My older sister raised two strong, smart children, worked with autistic kids for over 20 years, sheltered my mother and father in their old age and has met something as dead as a post in her home, and as physically near to her as if he were a person standing in a check-out line at the supermarket. She is funny and sober, a hard-working grandmother with reams of common sense, but for years as a young woman she could not attend viewings where the dead were shown to mourners. She has seen them standing at the top of her stairs, looking down at her. One time she opened a closet door at home and faced a man who she had just seen fixed within a coffin at a funeral home. She knew he was dead. She closed the closet door and sat down for a while. She could not attend the funeral of our maternal grandmother who was to be shown in an open casket beforehand. In a nightmare she had seen ‘Nanny’ turning and twisting inside a glass box. She did not want her appearing again in her kitchen or basement. She stayed home.
We all have our fearful landscapes. Mine has never been the closed-in room in the lonely house or the mournful cemetery. I imagined a long street, barely lit. All the houses are dark, the streetlamps black or flickering. Nothing moves. I am alone and standing in the middle of that street, listening intently and shading my eyes so I can see more precisely. Then something upright and big appears at the limits of my vision; its head is all wrong. I think it is looking my way. Then it begins to run towards me. It is not human.
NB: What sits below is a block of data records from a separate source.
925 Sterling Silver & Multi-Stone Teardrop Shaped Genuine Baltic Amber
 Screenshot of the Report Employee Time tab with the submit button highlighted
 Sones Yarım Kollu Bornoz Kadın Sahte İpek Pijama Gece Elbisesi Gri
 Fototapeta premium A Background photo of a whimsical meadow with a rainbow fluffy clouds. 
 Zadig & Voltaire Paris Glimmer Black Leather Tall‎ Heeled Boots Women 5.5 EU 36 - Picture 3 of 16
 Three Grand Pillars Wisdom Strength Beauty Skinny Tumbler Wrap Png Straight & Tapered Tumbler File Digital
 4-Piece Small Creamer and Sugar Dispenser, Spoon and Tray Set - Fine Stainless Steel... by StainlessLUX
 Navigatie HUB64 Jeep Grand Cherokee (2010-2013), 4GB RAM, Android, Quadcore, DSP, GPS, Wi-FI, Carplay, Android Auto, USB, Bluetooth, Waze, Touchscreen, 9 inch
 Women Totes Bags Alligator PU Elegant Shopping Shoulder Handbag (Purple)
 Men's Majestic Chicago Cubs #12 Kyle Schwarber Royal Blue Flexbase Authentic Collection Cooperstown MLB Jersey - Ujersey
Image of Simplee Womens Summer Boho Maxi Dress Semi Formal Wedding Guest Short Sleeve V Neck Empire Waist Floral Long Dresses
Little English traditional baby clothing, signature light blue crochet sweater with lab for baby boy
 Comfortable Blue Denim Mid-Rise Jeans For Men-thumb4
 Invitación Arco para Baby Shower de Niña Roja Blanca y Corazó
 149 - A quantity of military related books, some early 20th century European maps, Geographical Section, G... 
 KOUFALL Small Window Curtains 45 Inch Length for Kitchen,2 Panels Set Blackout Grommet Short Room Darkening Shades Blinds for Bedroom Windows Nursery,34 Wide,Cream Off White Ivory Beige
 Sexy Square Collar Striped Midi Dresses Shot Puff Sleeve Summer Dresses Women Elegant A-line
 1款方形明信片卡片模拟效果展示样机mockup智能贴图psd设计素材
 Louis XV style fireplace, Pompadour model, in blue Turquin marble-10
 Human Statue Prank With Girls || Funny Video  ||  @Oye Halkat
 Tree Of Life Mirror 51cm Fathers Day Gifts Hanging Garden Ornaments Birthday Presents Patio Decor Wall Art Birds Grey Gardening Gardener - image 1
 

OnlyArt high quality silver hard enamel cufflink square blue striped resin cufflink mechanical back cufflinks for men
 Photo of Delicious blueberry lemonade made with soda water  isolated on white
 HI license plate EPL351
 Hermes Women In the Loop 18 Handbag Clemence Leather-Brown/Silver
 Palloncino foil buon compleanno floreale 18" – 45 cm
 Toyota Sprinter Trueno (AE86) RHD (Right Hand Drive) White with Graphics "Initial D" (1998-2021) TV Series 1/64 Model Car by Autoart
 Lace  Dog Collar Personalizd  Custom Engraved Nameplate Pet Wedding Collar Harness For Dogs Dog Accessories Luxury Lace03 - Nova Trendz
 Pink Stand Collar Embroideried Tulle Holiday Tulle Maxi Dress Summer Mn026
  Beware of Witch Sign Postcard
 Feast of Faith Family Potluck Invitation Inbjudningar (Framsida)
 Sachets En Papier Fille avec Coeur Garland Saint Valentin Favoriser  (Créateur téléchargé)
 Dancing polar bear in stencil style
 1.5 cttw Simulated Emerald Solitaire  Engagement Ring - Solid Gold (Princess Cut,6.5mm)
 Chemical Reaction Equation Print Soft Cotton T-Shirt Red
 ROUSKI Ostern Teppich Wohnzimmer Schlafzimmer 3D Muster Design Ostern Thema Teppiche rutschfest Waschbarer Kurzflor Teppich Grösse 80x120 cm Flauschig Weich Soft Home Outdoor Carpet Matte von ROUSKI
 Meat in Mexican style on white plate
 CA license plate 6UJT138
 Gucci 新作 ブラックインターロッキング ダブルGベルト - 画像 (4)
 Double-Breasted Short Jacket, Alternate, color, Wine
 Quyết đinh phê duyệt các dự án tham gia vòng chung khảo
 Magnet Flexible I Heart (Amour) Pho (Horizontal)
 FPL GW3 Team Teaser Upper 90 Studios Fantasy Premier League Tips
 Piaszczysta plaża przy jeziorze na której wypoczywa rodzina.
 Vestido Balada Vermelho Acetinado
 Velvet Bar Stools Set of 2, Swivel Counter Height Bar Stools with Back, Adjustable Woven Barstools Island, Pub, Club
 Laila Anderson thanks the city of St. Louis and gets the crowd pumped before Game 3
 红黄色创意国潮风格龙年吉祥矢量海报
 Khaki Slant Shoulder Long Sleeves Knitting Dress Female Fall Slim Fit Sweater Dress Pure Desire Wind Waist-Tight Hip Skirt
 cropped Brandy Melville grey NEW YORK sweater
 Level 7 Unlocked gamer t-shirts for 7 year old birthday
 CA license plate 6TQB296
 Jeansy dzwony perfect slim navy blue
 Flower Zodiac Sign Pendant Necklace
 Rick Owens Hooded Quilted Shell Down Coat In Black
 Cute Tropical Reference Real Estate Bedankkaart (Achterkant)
I do not know what to make of my sister’s visions. I do not doubt her, and yet I believe in science. I have never seen the dead come back nor heard them nor felt any whisper of their presence, and yet I have a healthy respect for the rituals and rites governing their laying-in; let the beloved dead stay dead. Lord, keep me safe from waking-visions and from faces materializing in the darkness.
Raised Catholic in the 50’s and 60’s, I was invested at a young age with teachings about guardian angels and the miraculous transformations of saints, and with lurid renderings of Purgatory and Hell and the Devil. I was purposely named after St. Michael, the arch-enemy of Lucifer.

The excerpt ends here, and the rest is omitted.